▶ PROBLEM TO WORK ON:
Print all the data below exactly, without images.

▶ SUPPLIED INFORMATION:
_ _ _ _ _ _ _
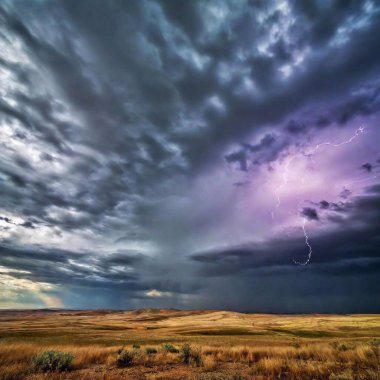 An eye-level wide shot of a dramatic stormy sky, captured over a flat prairie. The scene shows dark, swirling clouds dominating the sky, with lightning streaking across the horizon and a few distant storm clouds illuminated by flashes of light. clipart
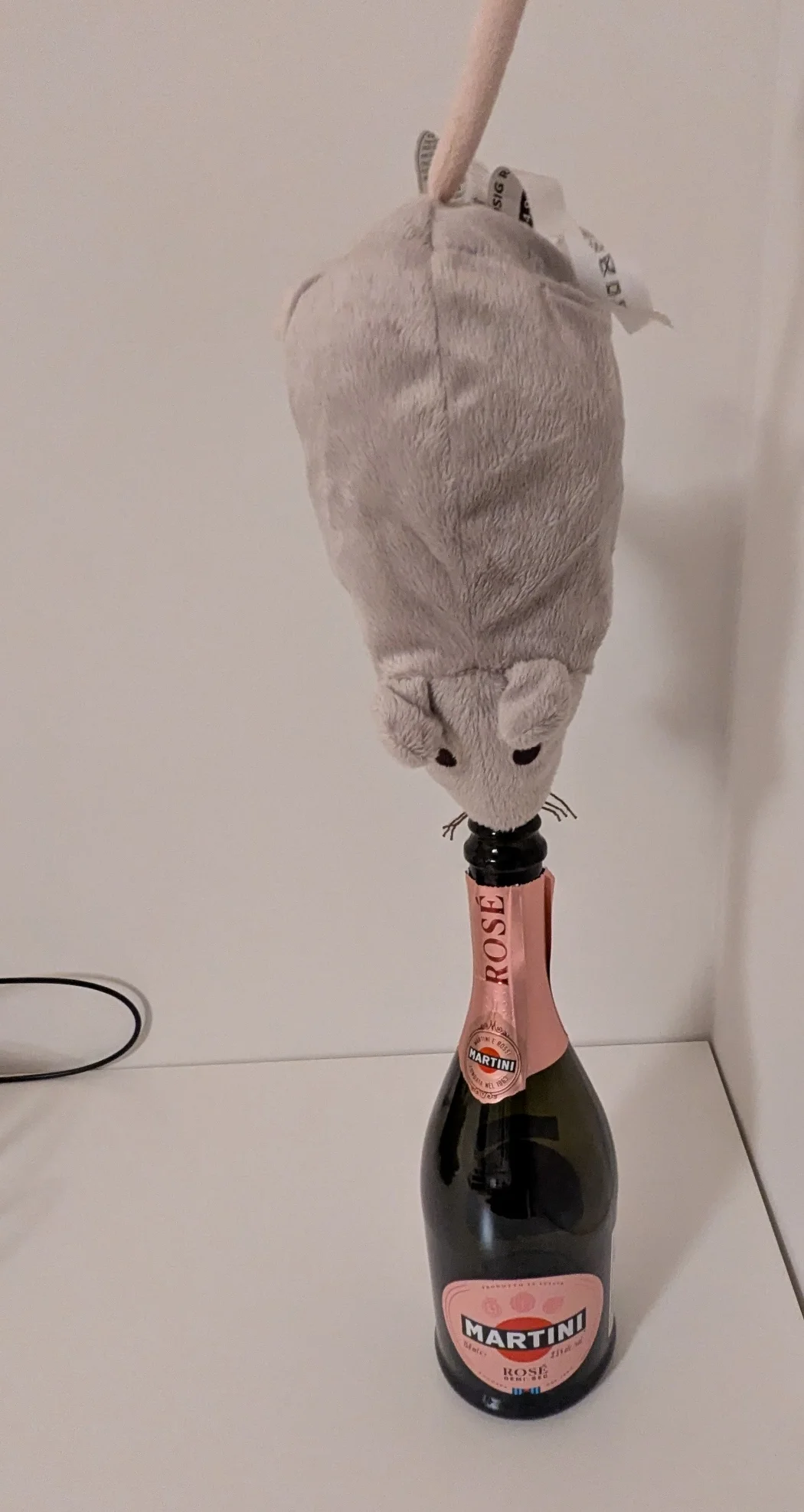 an ikea rat with its nose inside of a bottle of sparkling wine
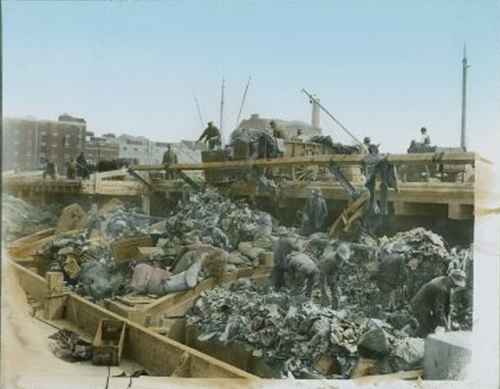 Men working on garbage barge ca. 1900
_ _ _ _ _ _ _
▶ YOUR RESPONSE:
 An eye-level wide shot of a dramatic stormy sky, captured over a flat prairie. The scene shows dark, swirling clouds dominating the sky, with lightning streaking across the horizon and a few distant storm clouds illuminated by flashes of light. clipart
 an ikea rat with its nose inside of a bottle of sparkling wine
 Men working on garbage barge ca. 1900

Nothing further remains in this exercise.